IF the Government pushes ahead with proposals to bring forward the deadline for the ban of sales of new diesel and petrol vehicles to 2030, there will need to be a boost in funding for the automotive sector to reskill.
Steve Nash, Chief Executive of the Institute of the Motor Industry, said that currently around 5% of UK automotive technicians are adequately trained to work on electric vehicles.
He added: “How do you ramp up electric vehicle adoption if the myriad of users – from private motorists to fleets operating cars and vans, blue light vehicles and more – can’t be confident they will be able to access the expertise to service and repair these vehicles safely?
“And, if the critical mass of skills doesn’t exist, the support infrastructure for zero emissions will be undermined too; insurers will keep premiums high if they can’t be confident they will be able to access a repair network that matches need.
“To achieve its goal, government has to recognise that amongst all of those calling for assistance in funding – from manufacturers to those creating the charging network – the basic fundamental of accredited skills needs to come near the front of the queue.
“Users of electrified vehicles want to know that they can hand over their vehicle to someone who has the right skills.

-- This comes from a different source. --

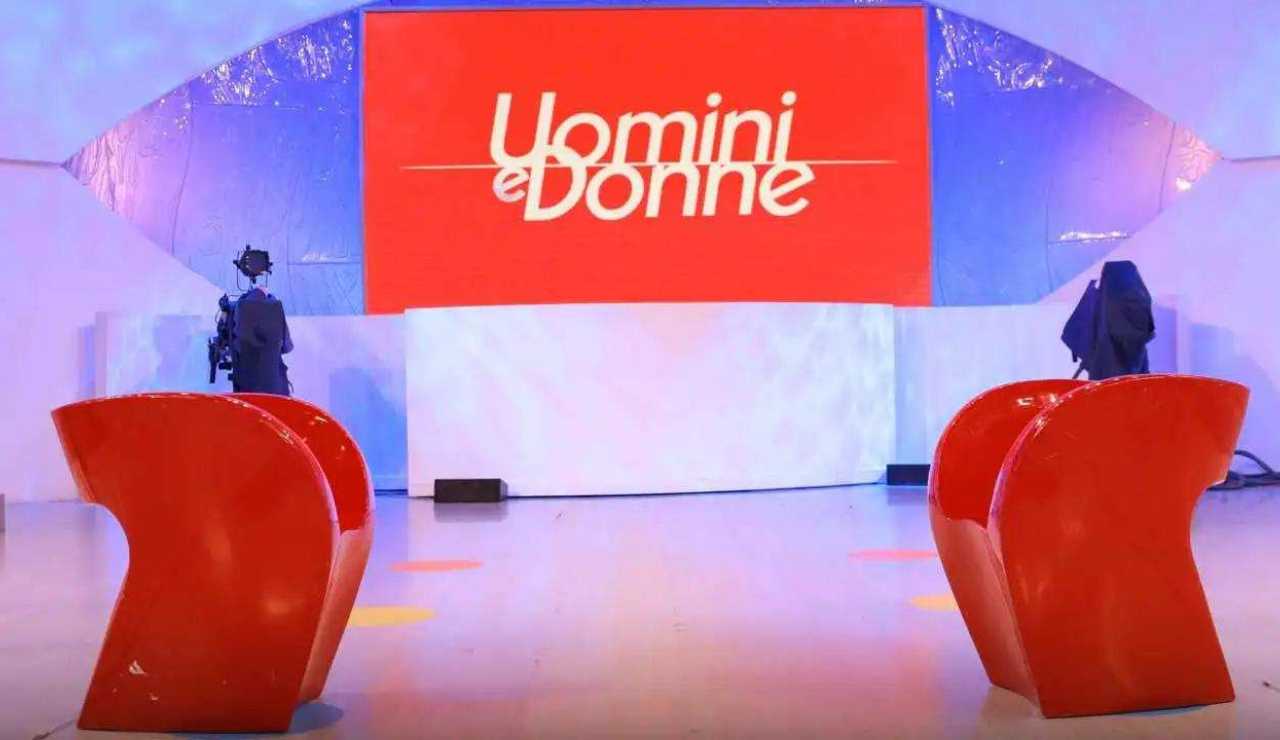 "Uomini e Donne": il cavaliere e la dama scomparsi, ecco la verità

Those who aren’t properly trained or equipped to work on electrified vehicles would be risking serious injury or fatality.
“The IMI TechSafe standards, endorsed by OLEV at the end of 2019, mean that electrified vehicle users can access the IMI Professional Register to check the electric vehicle technical competencies of technicians at their local garage.

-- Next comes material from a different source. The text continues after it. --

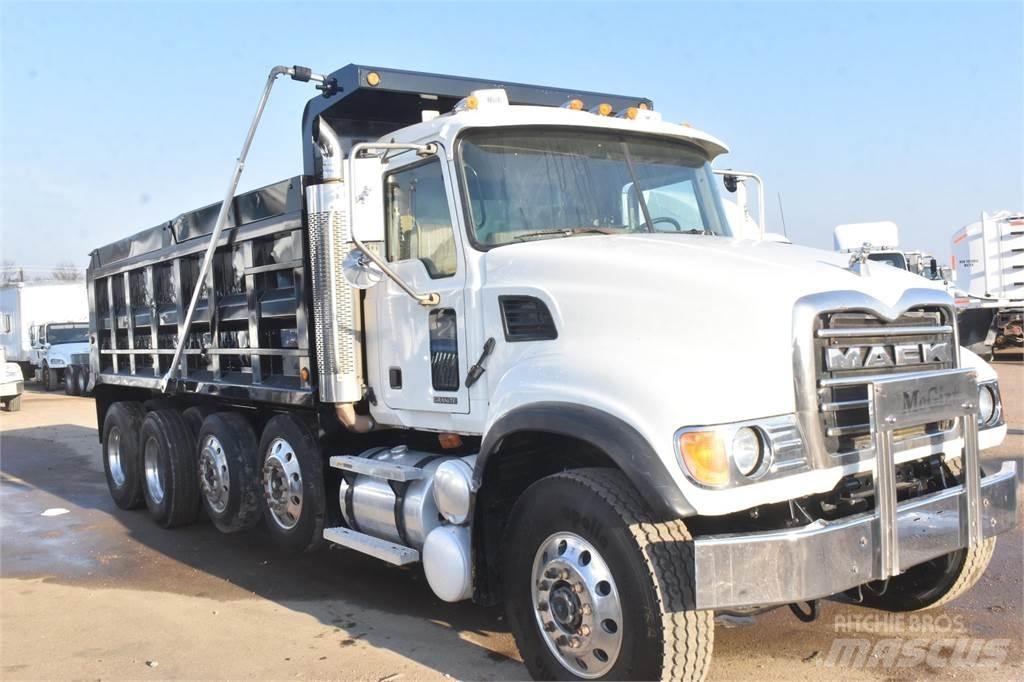 Mack GRANITE CV713 Kipper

“But we are currently a long way off achieving a critical mass of technicians qualified, with COVID-19 setting us back significantly in reaching optimum numbers in time for 2035, let alone 2030. Government action is needed urgently to encourage automotive employers to re-ignite their EV training plans.”

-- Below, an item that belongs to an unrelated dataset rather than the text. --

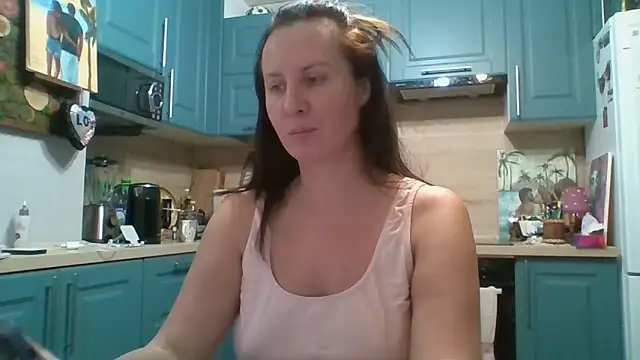 ALICAINWONDERLAND online show from 11/18/25, 04:44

- There are around 245,000 automotive technicians, working on 38 million registered vehicles in the UK.
- As of October 2020 there were 383,000 plug in cars & vans registered. It is predicted that this will increase to between 2.7 to 10.6 million by 2030[i].
- Taking the top estimate (due to unexpected increase in sales in the past 3 months), the IMI calculates that the UK would need approximately 70,500 qualified technicians to support this vehicle parc.
- The IMI estimates that there are between 13,000 and 20,000 technicians currently qualified to work on electric vehicles – which means a requirement of between 50,000 and 57,000 technicians by 2030.
- Pre COVID-19, the market was on course to achieve critical mass; 6,500 certificates for working on electric vehicles were issued in 2019. If that rate had continued the minimum required qualified technicians would have been reached by 2030. However 2020 Q2 numbers were down 85% compared to the same period 2019.